China waiting out Hong Kong protests

In this Aug. 5 file photo, a protester runs with a United States flag as tear gas are released on protesters in Hong Kong. China’s central government has dismissed Hong Kong pro-democracy protesters as clowns and criminals while bemoaning growing violence surrounding the monthslong demonstrations. (AP)

IN this Aug. 5 file photo, a protester runs with a United States flag as tear gas are released on protesters in Hong Kong. China’s central government has dismissed Hong Kong pro-democracy protesters as clowns and criminals while bemoaning growing violence surrounding the months-long demonstrations. (AP)

BEIJING (AP) – China’s central government has dismissed Hong Kong pro-democracy protesters as clowns and criminals while bemoaning growing violence surrounding the months-long demonstrations.

That’s partly out of concern that protesters’ demands for expanded democracy could inspire like-minded officials and intellectuals on the mainland.

Yet, Beijing shows no signs of preparing for a major crackdown, content instead to ignore the protests in the hopes that frustration will lead to further violence that will eventually turn the territory’s silent majority against the movement, according to experts.

“Hong Kong poses a serious problem for the Chinese government.
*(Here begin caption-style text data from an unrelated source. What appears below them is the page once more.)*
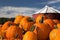 Large Orange Pumpkins with Red Silo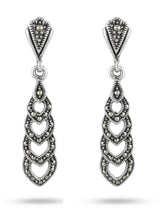 Marcasite Heart Cascade Drop Earrings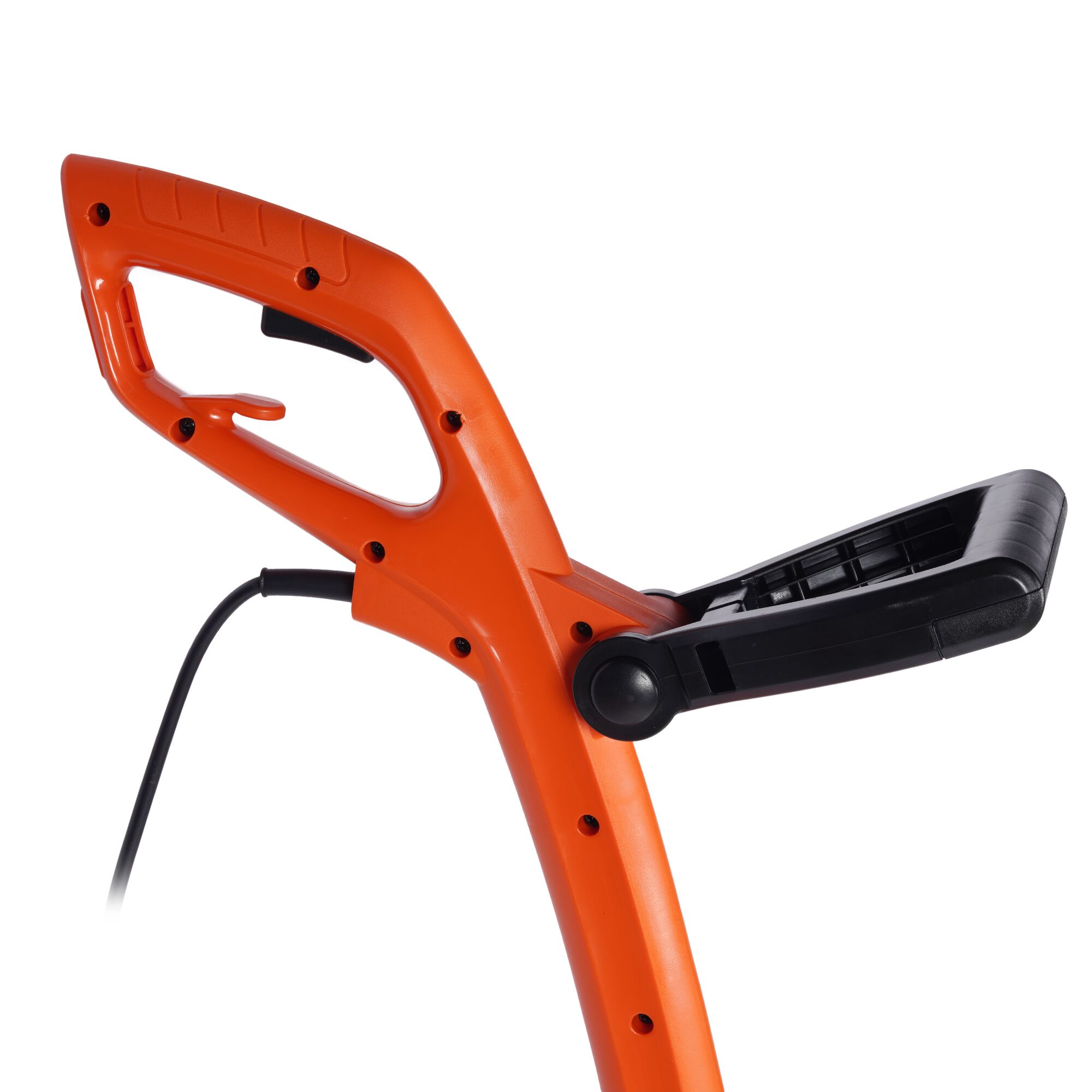 BLACKDECKER GL350L lawn trimmer handle in orange and black, side angle photo on white background.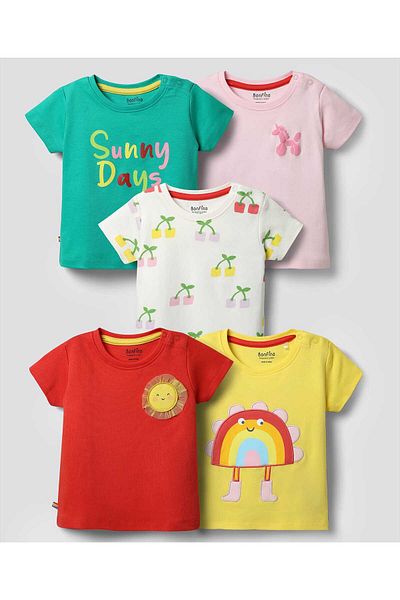 Bonfino Printed and Embroidered T-shirts (Pack Of 5) - Multicolor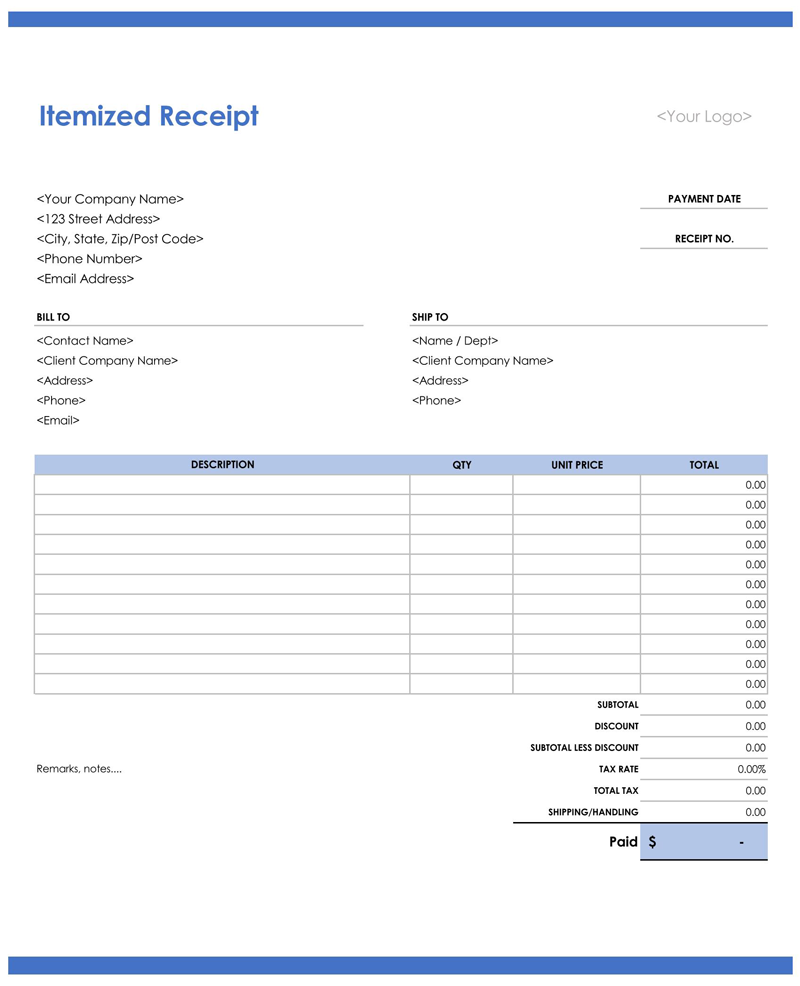 Editable Itemized Receipt 05 for Excel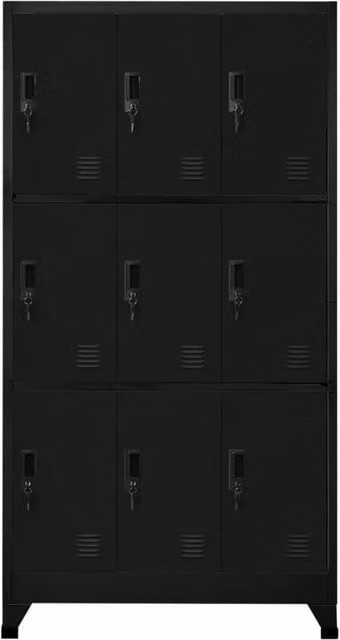 Berkfield Home Black Steel Locker Cabinet with Hinged Doors W/D/H: 90 x 45 x 180 cm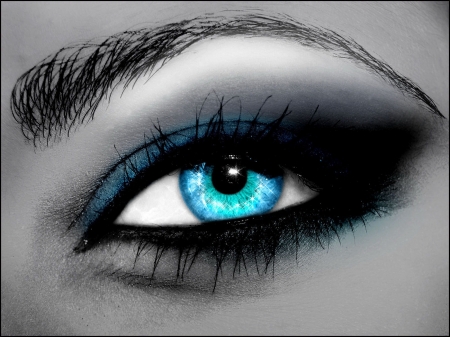 Eye - black, white, blue, woman, bw, eye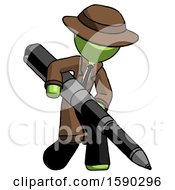 Poster, Art Print Of Green Detective Man Writing With A Really Big Pen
It can’t allow the protesters to challenge its authority or deface symbols of its authority unpunished but it also does not want to attempt a military crackdown,” said Steve Tsang, director of the China Institute at London’s School of Oriental and African Studies.

Under those circumstances, Beijing would prefer to “isolate and undermine the protesters so the movement in Hong Kong fizzles out,” Tsang said.

The protests also come at a sensitive time for President Xi Jinping, who after removing presidential term limits last year effectively made himself leader for life. That has intensified criticism over his concentration of power, even as his propaganda machine relentlessly promotes his image and achievements ahead of the 70th anniversary of the founding of the People’s Republic on Oct. 1.

Meanwhile, China is grappling with a slowing economy and the ongoing impacts of the US-China trade war, as well as pushback against its ambitious multi-billion dollar “Belt and Road” infrastructure program that is seen as miring poorer nations in debt.

China’s international image has suffered as well from its mass incarceration of members of its Uighur Muslim minority and aggressive moves in the foreign policy sphere, including what Prof. Anne-Marie Brady of New Zealand’s University of Canterbury described in a recent article as “uncharacteristically undiplomatic activity” by Chinese diplomats in Canada, Sweden, Britain, Australia, and New Zealand.

China’s activities have included encouraging mainland Chinese students overseas in their attacks on supporters of the Hong Kong protests and Chinese human rights more generally, sparking calls from politicians in those countries for foreign policy adjustments to reduce Beijing’s influence.

Despite massive Chinese censorship, details of the events in Hong Kong have spread through southern China and among officials and intellectuals in major cities, raising concerns about potential calls for political freedoms like those enjoyed by Hong Kong.

“Beijing fears there might be a copy-cat effect in other cities in China,” said Willy Lam, a longtime observer of Chinese politics at the Chinese University of Hong Kong.